Vol. 2, Issue 2, Part A (2025)
Clinical impact of AI-assisted medication reconciliation at admission: A prospective before-and-after study
Farhanul Kabir, Nishat Tabassum, Md. Rafiul Haque, Shaila Akter and Ashfaq Rehman
Background: Medication reconciliation (MedRec) at admission remains vulnerable to unintentional discrepancies that can precipitate preventable harm. Advances in natural language processing (NLP) offer opportunities to assemble more complete preadmission medication lists and direct clinician attention to high-risk mismatches. Objective: To evaluate the clinical and operational impact of an AI-assisted MedRec workflow embedded in the electronic health record (EHR) at hospital admission. Methods: We performed a prospective before-and-after study at a tertiary academic hospital, enrolling consecutive adult medical admissions across two 8-week epochs: baseline standard MedRec and post-deployment AI-assisted MedRec. The intervention ingested heterogeneous sources (prior notes, discharge/clinic summaries, pharmacy fills when available) and generated explainable flags for likely discrepancies between the best possible medication history and draft admission orders. The primary outcome was unintentional medication discrepancies per patient. Secondary outcomes included high-severity potential adverse drug events (pADEs) at admission, time-to-completion of MedRec, and a composite of 30-day ED revisit/readmission. Results: Among 840 admissions (420 per epoch), cohorts were demographically similar.
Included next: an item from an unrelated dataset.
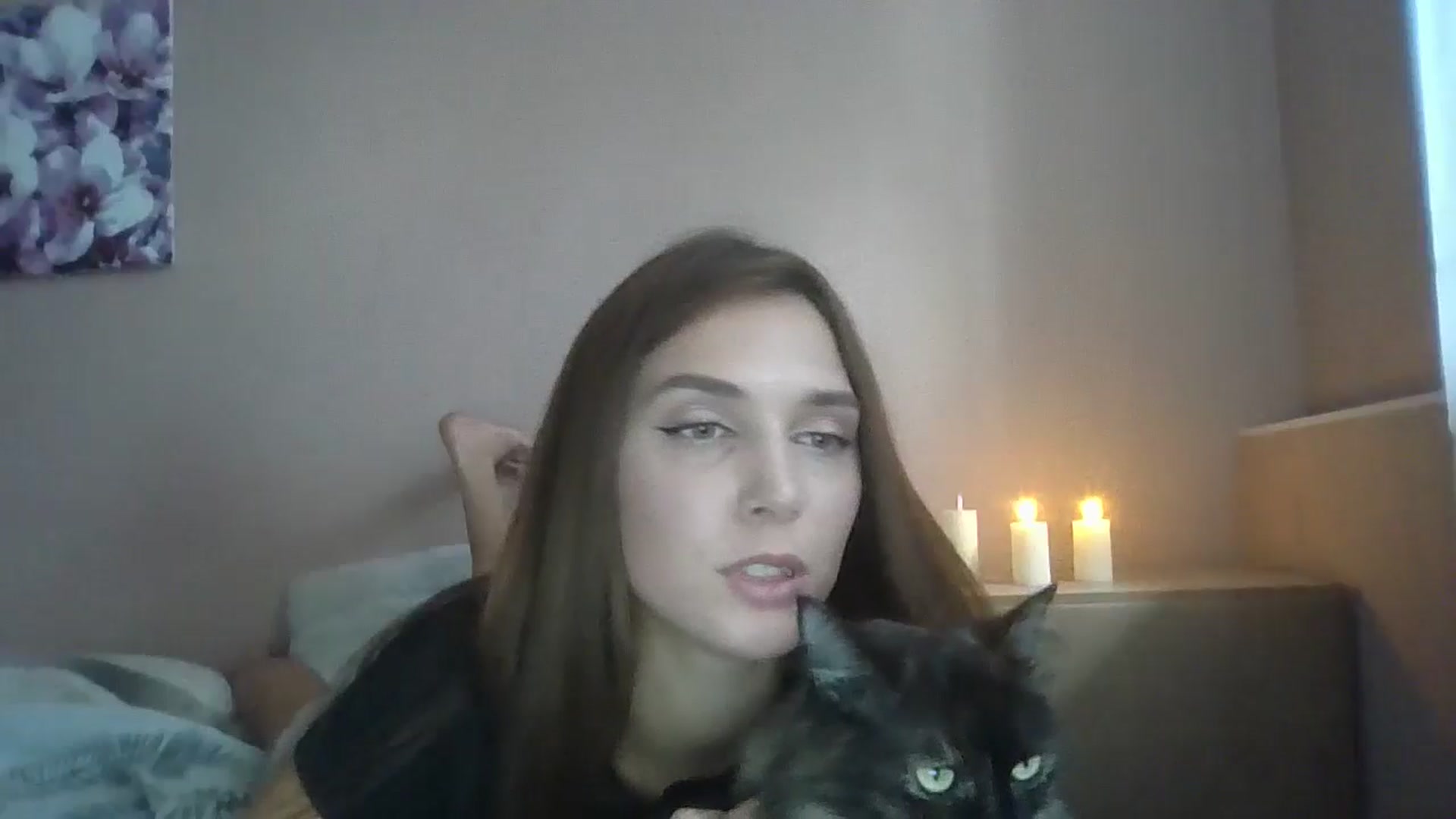 Gallery image thumbnail from HaleyReed's myfreecams stream on, 08/28/2024, 11:28 image 17 of 20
Mean unintentional discrepancies per patient declined from 1.15 to 0.94 (incidence rate ratio 0.82, 95% CI 0.72-0.93). Patients with ≥1 high-severity pADE at admission decreased from 21.7% to 16.0% (odds ratio 0.69, 95% CI 0.51-0.92). Median time-to-completion shortened from 66.9 to 51.1 minutes (ratio 0.76), indicating ~24% faster completion. The 30-day use composite numerically declined from 13.5% to 11.8% but the study was not powered for this endpoint. Interrupted time-series analysis showed a level shift coincident with deployment. Conclusions: AI-assisted MedRec at admission reduced unintentional discrepancies and high-severity pADEs while improving workflow efficiency, without observed safety trade-offs. Pairing pharmacist expertise with targeted, explainable AI support offers a pragmatic path to safer and faster admissions and warrants evaluation in multi-site randomized designs.